0.5.6 failing Multiple GPU Error
shivam-aggarwal opened this issue · 3 comments
shivam-aggarwal commented
Not able to run the code on multiple GPU using torch.nn.DataParallel.
@lucidrains this is the reason. self.hidden doesn't have corresponding key.
hidden = self.hidden[x.device]
KeyError: device(type='cuda', index=0)
This is the exact line .
Please help with the same.
Thanks!
lucidrains commented
@shivam-aggarwal can you give DDP a try?

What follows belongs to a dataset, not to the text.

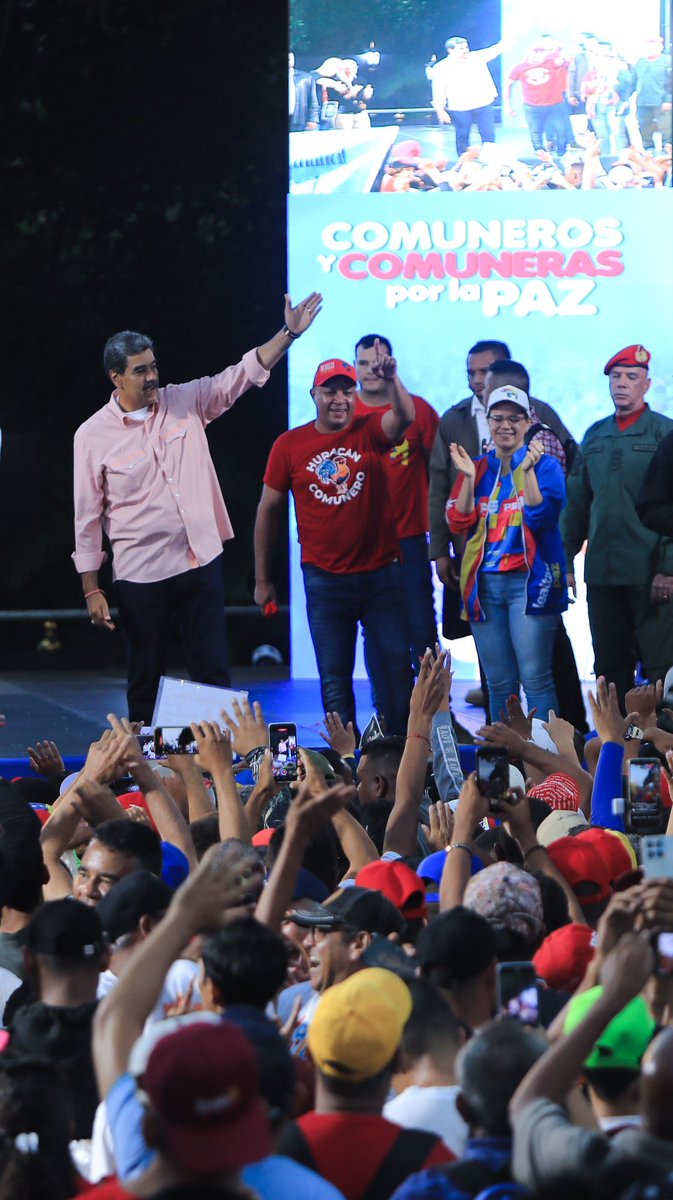 mincomunas_ve's tweet photo. #AsíLoDijo🗣️ “Este es el pueblo de los patriotas, este es el pueblo de los libertadores de América, este es el pueblo de los valientes”, comentó el presidente @NicolasMaduro.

I think DDP is the preferred way to go distributed these days anyhow
lich99 commented
@shivam-aggarwal maybe you can try to replace the clear()
method to pop()
in function NetWrapper.get_representation()
looks like:
def get_representation(self, x):
if self.layer == -1:
return self.net(x)
if not self.hook_registered:
self._register_hook()
_ = self.net(x)
hidden = self.hidden.pop(x.device)
assert hidden is not None, f'hidden layer {self.layer} never emitted an output'
return hidden
opeide commented
I had the same issue with DDP and in my case the culprit was torch.nn.SyncBatchNorm.convert_sync_batchnorm(model) (in my own code).
I guess a BN layer was my hidden output.